I consider myself lucky to know a handful of people who love me unconditionally. My parents and husband are three of those people. My grandmother Lois was another. If she loved you, you knew it deeply, and could feel it down to your bones. She loved her whole family that way: intensely, passionately, affectionately. You knew it because there were tears in her eyes when she greeted you, and tears in her eyes when you left. Her embraces were long and warm. She had a habit of awaiting your arrival from the window of her home, and lingering there, in her doorway, long after you left.
My last memory of visiting her is so poignant. Andy and I stayed in a Warm Beach guest cottage for a few days after Pop passed away. The last night I had to leave Gram, I didn't want to say goodbye. She was reclining comfortably in her chair, and asked me to place a special quilt over her to keep her warm. The patchwork in this quilt was comprised of photographs of her family, different snapshots of her children, grandchildren, and great grandchildren in time. Her son-in-law's sister made this for her, a truly wonderful gift for a woman who was almost as passionate about quilting as she was of her family. I kissed Gram goodnight, bundled warm with her memories, knowing an aide would come in shortly to help her into her bedclothes. I didn't expect her to get up.

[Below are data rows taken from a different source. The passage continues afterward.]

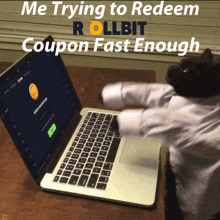 a cat is typing on a laptop with the words " me trying to redeem rollbit coupon fast enough "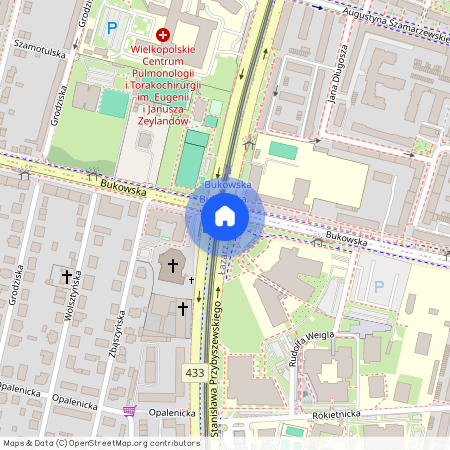 ul. Stanisława Przybyszewskiego, Grunwald, Grunwald, Poznań, wielkopolskie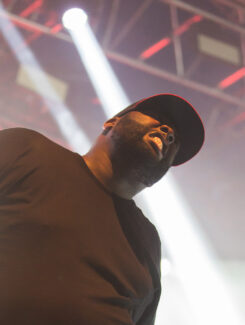 Run The Jewels, 2015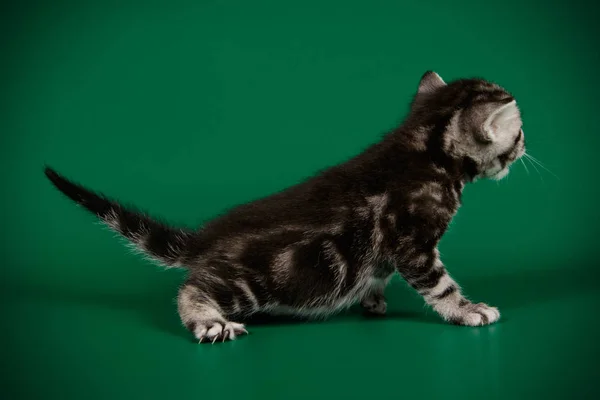 Fotografia Estúdio Gato Americano Shorthair Fundos Coloridos — Fotografia de Stock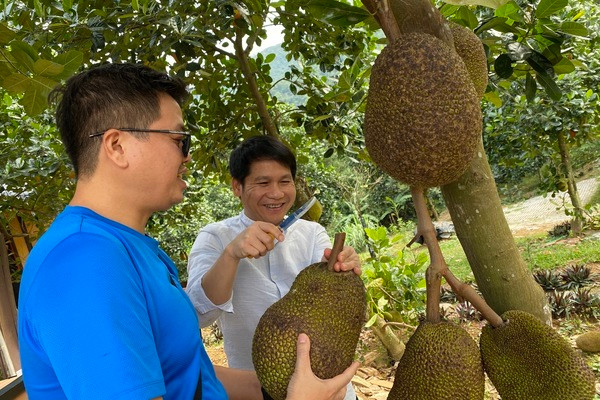 Trang trại của NSƯT Việt Hoàn trồng khá nhiều cây mít, cây nào cũng sai quả trĩu quả. Ảnh: Vietnamnet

Andy and I put our coats on (it was very cold north of Seattle), and we walked out to the car. After I strapped Andy in to his car seat, I glanced back at the lobby of Gram's apartment building. There she was in her orange-red quilted jacket, cane in her hand, watching us from the window. At 86 years old, having suffered several strokes, getting up was always an effort. She could have easily dozed off in her recliner. But there she was, seeing us safely off, a final gesture of her love.

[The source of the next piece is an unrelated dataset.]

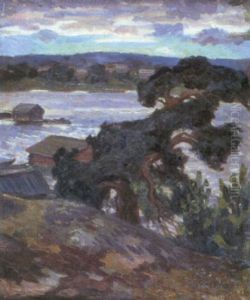 Vy Fran Lotsberget, Hogsara by Santeri Salokivi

When I drove just across the street to the cottage, I could still see her white hair and orange jacket. I waved. I don't know if she saw me. Andy and I walked inside, and I peeked out the window. She stayed in the lobby, looking out the window, for some time.
That was how she was. She made time stop when you visited her. A warm and gracious host, she had bread baking in the oven, and crafts planned for her grandchildren: origami boxes from old greeting cards, felt stuffed animals. I remember her stroking my hair as an awkward 14 year old, telling me I was beautiful, and almost believing it because I knew that she did.
When she stayed with us grandkids for two weeks while my parents were in Europe, she listened as I talked about my teachers, and the new ideas I was learning. I can't believe I asked her this, but I did: what did she think of overpopulation? She paused as she loaded a plate into the dishwasher: "I think that only Christians should have lots of children," she replied. Although her optimistic Christian faith contrasted with my pessimistic world views, there was no conflict between us, because she was not a critical or judgmental person. I felt that I could talk to her about anything.
At our most recent visit, she told me that I should have another baby. When Gram brought five babies into the world, she trusted in God that all their needs would be met (and they were). Her motto, written in crosstitch and hanging in her living room: "Use it up, wear it out, make do, do without." She reused and recycled before the words were popular with my generation. She sewed her own and her children's clothing, curtains, quilts and pillows. She insisted on having a sewing machine and table set up in her apartment, long after she was physically able to work with it. She loved to dream about it.
She also valued education. Having earned her own Bachelor's degree, she wanted her children to be college educated. After her five children were grown, she taught sewing classes at the local college.
Gram loved to garden. She loved watching flowers grow and bloom. She looked forward to the spring, even after she lost Pop, because she wanted to plant in her new patio garden.
Gram's unconditional love and eternal optimism are her most enduring traits. Having lost her, I am inspired to pick up her torch...and bring another life into the world.